On 20.09.25 02:21, Jeff Davis wrote:
New builtin case-insensitive collation PG_UNICODE_CI, where the ordering semantics are just:strcmp(CASEFOLD(arg1), CASEFOLD(arg2)) and the character semantics are the same as PG_UNICODE_FAST.
If it's a variant of PG_UNICODE_FAST, then it ought to be called PG_UNICODE_FAST_CI or similar. Otherwise, one would expect it to be a variant of PG_UNICODE (if that existed, but there is also UNICODE).
But that name is also dubious since you later write that it's not actually fast.
Non-deterministic collations cannot be used by SIMILAR TO, and may cause problems for ILIKE and regexes. The reason is that pattern matching often depends on the character-by-character semantics, but ICU collations aren't constrained enough for these semantics to work.
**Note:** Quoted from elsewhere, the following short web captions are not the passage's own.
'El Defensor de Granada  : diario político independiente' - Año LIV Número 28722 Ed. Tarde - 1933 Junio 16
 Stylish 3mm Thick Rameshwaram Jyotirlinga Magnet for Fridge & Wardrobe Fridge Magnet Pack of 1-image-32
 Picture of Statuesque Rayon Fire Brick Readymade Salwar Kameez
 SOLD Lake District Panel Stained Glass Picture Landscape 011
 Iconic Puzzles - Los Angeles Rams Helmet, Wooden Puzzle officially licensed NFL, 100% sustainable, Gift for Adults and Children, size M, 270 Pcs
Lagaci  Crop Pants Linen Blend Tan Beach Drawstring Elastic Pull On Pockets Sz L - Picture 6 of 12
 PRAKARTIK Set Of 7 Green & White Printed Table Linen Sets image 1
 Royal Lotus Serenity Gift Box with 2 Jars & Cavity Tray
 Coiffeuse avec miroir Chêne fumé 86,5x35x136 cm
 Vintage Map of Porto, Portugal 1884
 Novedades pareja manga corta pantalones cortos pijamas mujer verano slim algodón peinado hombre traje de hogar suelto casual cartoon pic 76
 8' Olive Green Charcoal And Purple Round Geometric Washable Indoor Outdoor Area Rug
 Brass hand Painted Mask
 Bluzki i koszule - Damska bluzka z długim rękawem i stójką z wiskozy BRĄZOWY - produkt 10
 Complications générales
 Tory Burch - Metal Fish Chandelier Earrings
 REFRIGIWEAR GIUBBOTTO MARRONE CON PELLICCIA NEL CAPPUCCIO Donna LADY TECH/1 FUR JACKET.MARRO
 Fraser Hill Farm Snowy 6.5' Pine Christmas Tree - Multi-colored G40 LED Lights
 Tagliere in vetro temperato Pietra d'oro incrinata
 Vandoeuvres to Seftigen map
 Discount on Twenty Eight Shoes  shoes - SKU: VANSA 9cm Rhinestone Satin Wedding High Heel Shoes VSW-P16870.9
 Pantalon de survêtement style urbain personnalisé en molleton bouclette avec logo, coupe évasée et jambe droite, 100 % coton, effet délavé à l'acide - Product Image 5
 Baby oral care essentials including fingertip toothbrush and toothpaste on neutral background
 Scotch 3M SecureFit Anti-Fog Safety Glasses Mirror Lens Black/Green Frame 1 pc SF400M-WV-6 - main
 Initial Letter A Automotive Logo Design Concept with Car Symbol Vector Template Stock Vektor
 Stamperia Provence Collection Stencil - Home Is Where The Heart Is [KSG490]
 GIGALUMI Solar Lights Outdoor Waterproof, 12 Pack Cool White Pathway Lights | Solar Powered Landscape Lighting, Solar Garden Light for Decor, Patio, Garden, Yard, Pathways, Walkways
This reasoning is a bit narrow. SIMILAR TO is kind of deprecated, and ILIKE is kind of stupid, and regexes have their own way to control case-sensitivity.
Nevertheless, I think there would be some value to provide CI (and maybe accent-insensitive?) collations that operate separately from the "nondeterministic" mechanism. But then I would like to see a comprehensive approach that covers a variety of providers and locales. For example, I would expect there to be something like a "sv_SE_CI" locale, either available by default or easily created.